Hace dos meses y medio, en la olla a presión que es el régimen de los ayatolás -que lleva cuatro décadas encorsetando con su dictadura teocrática al pueblo iraní- se abrió una grieta que nadie había previsto.
Cuando la policía de la moral arrestó en septiembre a Mahsa Amini, una joven kurda de 22 años que se encontraba en Teherán visitando a unos familiares, por llevar incorrectamente colocado el hiyab, aquella chica era sólo una más. Cuando falleció en turbias circunstancias, tras haberse desplomado en comisaría, Mahsa era sólo un número de una larga y negra lista: la de las muertes no resueltas tras ser sometidas a torturas y maltrato por las fuerzas represivas clericales.
Una ejecución, insignificante para las élites, dictaba la sentencia de muerte de la República Islámica. Como suele pasar, nada indica que la próxima gota es la que va a desbordar el vaso. Pero la muerte de Mahsa Amini desató una ola de protestas que -independientemente de cómo se resuelvan- van a marcar un antes y un después en Irán. Ya nada va a volver a ser como antes.
Los oprimidos -el conjunto de las clases populares iraníes, una amplia y trasversal representación de la formación social iraní, desde las mujeres y los jóvenes, pasando por los obreros, los intelectuales y las clases medias acomodadas- ya no aceptan volver a ser dominados como hasta ahora.
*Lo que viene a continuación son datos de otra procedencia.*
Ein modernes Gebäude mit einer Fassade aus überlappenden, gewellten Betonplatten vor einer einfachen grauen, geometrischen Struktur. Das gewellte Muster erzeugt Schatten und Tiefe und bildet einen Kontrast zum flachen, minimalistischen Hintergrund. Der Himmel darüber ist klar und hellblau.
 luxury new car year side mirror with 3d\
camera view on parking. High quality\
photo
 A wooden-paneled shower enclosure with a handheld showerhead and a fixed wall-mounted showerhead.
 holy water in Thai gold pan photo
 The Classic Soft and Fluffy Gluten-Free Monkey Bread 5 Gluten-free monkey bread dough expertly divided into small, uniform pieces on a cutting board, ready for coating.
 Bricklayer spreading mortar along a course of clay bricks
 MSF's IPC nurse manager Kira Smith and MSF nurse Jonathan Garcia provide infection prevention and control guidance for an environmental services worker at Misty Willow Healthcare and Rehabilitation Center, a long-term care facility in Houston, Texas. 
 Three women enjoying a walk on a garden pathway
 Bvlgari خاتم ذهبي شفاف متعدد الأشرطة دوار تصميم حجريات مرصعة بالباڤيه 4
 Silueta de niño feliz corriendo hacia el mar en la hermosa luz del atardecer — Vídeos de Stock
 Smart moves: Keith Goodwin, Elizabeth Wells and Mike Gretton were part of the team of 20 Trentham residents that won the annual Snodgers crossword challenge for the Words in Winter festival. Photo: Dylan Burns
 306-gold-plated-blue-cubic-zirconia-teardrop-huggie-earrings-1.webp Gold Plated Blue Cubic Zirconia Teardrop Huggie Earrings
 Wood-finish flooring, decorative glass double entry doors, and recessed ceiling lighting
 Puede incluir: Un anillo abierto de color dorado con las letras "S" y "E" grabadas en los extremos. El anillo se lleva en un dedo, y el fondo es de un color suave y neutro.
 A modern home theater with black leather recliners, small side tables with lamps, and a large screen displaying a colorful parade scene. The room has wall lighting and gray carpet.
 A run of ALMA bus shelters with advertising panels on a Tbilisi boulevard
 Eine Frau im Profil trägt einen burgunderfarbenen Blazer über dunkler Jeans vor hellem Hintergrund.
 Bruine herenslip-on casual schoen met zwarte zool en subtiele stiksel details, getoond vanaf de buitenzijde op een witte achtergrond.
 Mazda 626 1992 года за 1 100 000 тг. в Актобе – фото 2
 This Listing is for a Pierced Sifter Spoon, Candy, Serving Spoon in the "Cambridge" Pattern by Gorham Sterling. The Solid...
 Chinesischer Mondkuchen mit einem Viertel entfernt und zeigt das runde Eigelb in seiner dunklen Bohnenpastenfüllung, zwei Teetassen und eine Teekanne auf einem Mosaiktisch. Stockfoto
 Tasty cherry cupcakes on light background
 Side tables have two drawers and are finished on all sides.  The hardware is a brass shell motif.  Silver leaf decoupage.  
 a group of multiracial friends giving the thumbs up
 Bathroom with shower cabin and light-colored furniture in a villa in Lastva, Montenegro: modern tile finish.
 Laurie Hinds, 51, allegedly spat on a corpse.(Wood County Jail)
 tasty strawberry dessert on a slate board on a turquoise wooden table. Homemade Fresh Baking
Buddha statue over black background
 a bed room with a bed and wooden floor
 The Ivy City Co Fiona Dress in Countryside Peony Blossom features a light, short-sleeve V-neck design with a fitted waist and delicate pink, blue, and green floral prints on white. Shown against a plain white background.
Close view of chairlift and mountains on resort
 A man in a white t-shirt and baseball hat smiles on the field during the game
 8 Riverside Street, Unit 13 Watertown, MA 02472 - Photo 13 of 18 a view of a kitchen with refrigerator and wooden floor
Y la clase dominante y el régimen -una verdadera burguesía burocrática revestida de formas religiosas, no solamente formada por los ayatolás, sino por las fuerzas represivas de los Guardianes de la Revolución, que no sólo ocupan todos los recovecos de los aparatos del Estado, sino que monopolizan los negocios, la industria, el comercio o los servicios, gozando de un próspero nivel de vida en medio de la carestía popular- ya no puede seguir dominando como hasta ahora.
Lo que ha ocurrido desde entonces es la mayor ola de lucha, movilizaciones y protestas de toda la historia del régimen. Con las mujeres como cabeza y punta de lanza, mujeres de todas las edades -desde chiquillas de instituto a amas de casa, desde estudiantes a famosas, deportistas o actrices- quemando sus velos en público, bailando, gritando, manifestándose y luchando. Y alrededor de estas miles de mujeres, otros tantos miles de hombres, gritando todos juntos «¡Mujer, Vida, Libertad!».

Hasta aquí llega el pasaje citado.